Frau Siems kann sich jedoch getrost wieder beruhigen. Es ist leider wenig wahrscheinlich, dass in der SPD gesamtwirtschaftliche Vernunft einkehrt und eine Abkehr vom neoliberalen angebotsorientierten Wirtschaftsdogma stattfindet . Die SPD hat bereits der Schuldenbremse zugestimmt und ihre Kritik am Fiskalpakt war bis dato auch eher handzahm und dem Wahlkampf geschuldet. Sogar in theoretischen Schriften rühmt sich das Spitzenpersonal der SPD lieber, eine bessere – und härtere – Sparpolitik als die Regierungskoalition betreiben zu wollen. Sollte in den nächsten Wochen keine 180°-Wende in den Köpfen der Parteigranden stattfinden, ist auch in puncto Fiskalpakt Hopfen und Malz verloren.

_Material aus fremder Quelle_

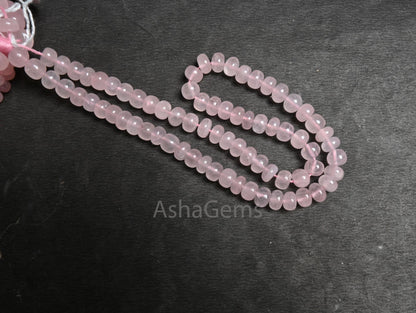 Natural Pink Rose Quartz Smooth Rondelle Shape Gemstone Beads,8/16" Rose Quartz Plain handmade Pink Quartz Beads Necklace Jewelry Craft SALE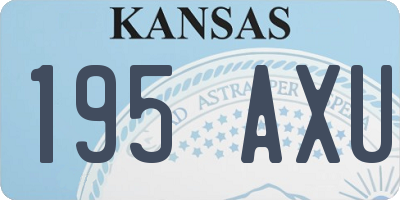 KS license plate 195AXU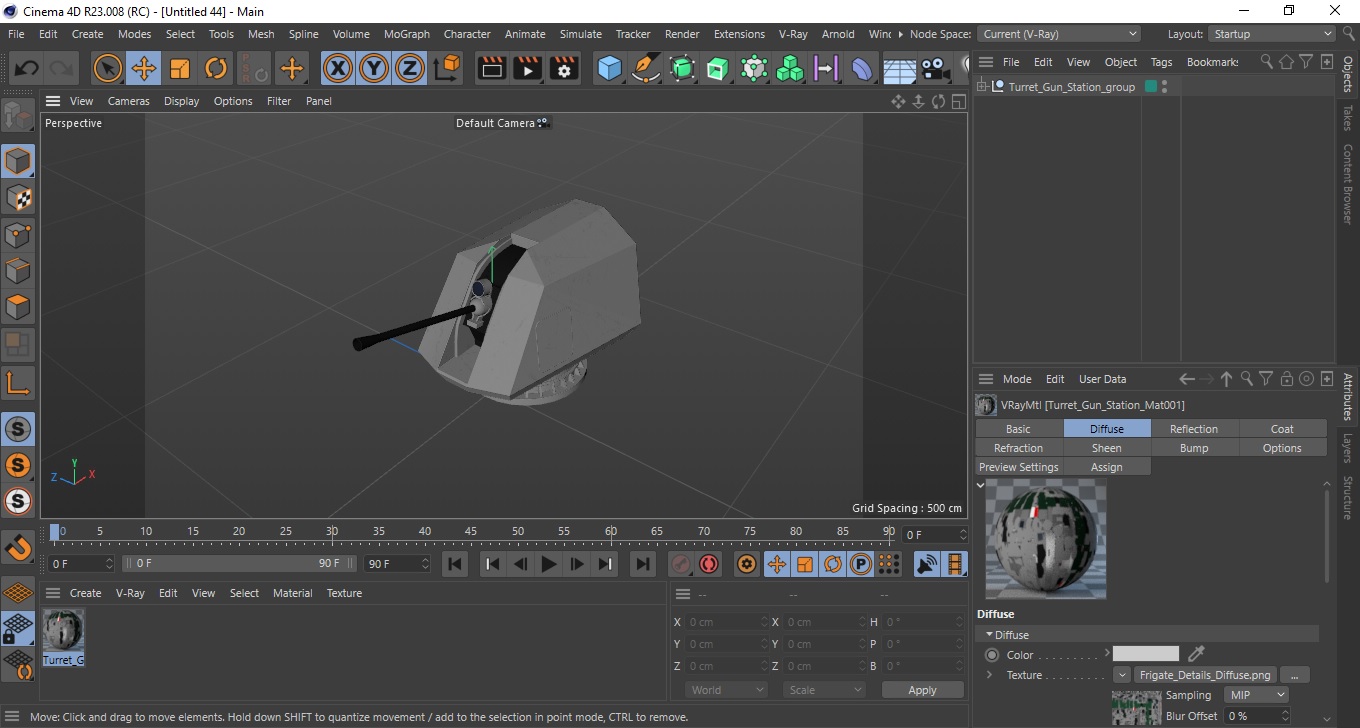 3D Turret Gun Station model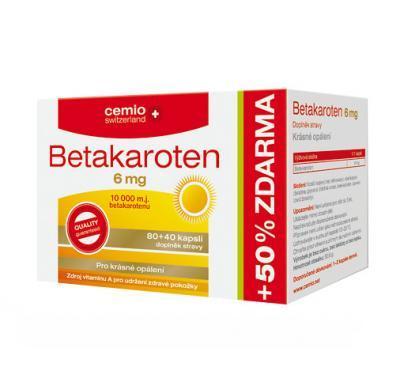 Cemio Betakaroten 6 mg  80   40 kapslí zdarma, Cemio, Betakaroten, 6, mg, 80, , 40, kapslí, zdarma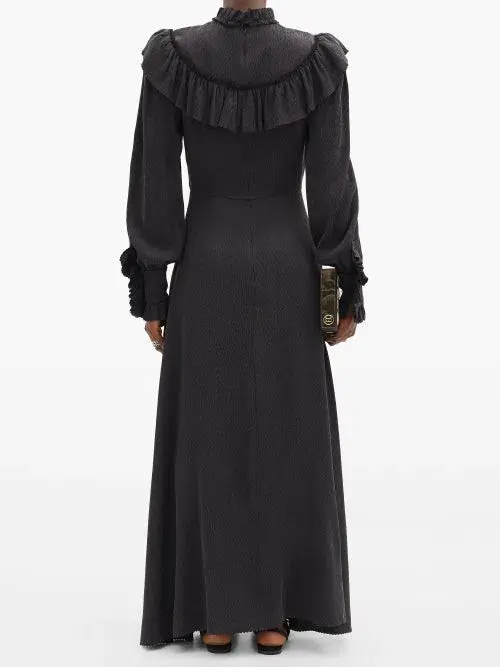 The Vampire's Wife The Firefly Gathered Puckered Silk Satin Dress Black Size AU 10 - Image 3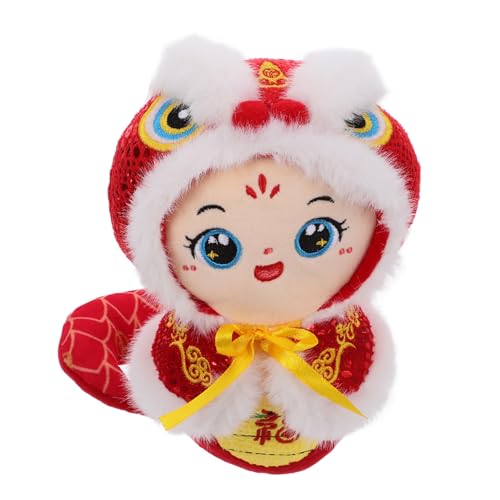 Cabilock Jahr der Schlange Plüschpuppe Rotes Chinesisches Neujahrs Maskottchen Weiches Kuscheltier Detailreiche Handarbeit Festliche Wohnraumdekoration Glücksbringer von Cabilock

Dann bleibt nur noch die Frage, wie groß das „Zückerli“ denn ausfallen wird, mit dem sich Angela Merkel die Linientreue der Genossen erkauft. Der Begriff „Wachstumspakt“ ist sehr dehnbar. Auch die Agenda-Politik der SPD wurde mit dem Argument verkauft, das Wachstum anzukurbeln und die Wirtschaftsliberalen verstehen unter Wachstumspolitik – siehe etwa das „Wachstumsbeschleunigungsgesetz – ohnehin nur Abbau des Sozialstaats, Arbeitsmarktliberalisierung und Privatisierung Durch eine Zustimmung zum Fiskalpakt würde die SPD jedoch ihren Genossen in Frankreich in den Rücken fallen und Angela Merkel auf europäischer Ebene stärken. Dies wäre die Eingangstür zur Juniorpartnerschaft in eine Große Koalition im nächsten Jahr. Was will die SPD? Sie muss sich jetzt entscheiden.
[«*] Bevor ein Vertrag völkerrechtlich in Kraft treten kann, muss er durch den Souverän ratifiziert (von lateinisch ratus ‚gültig’, facere ‚machen’) werden. Art. 59 Grundgesetz regelt, dass dies in Deutschland durch ein Zustimmungsgesetz gehandhabt wird, das wie jedes andere Gesetz auch die jeweiligen Gesetzgebungsorgane (Bundestag, wenn nötig Bundesrat und Bundespräsident) durchlaufen muss.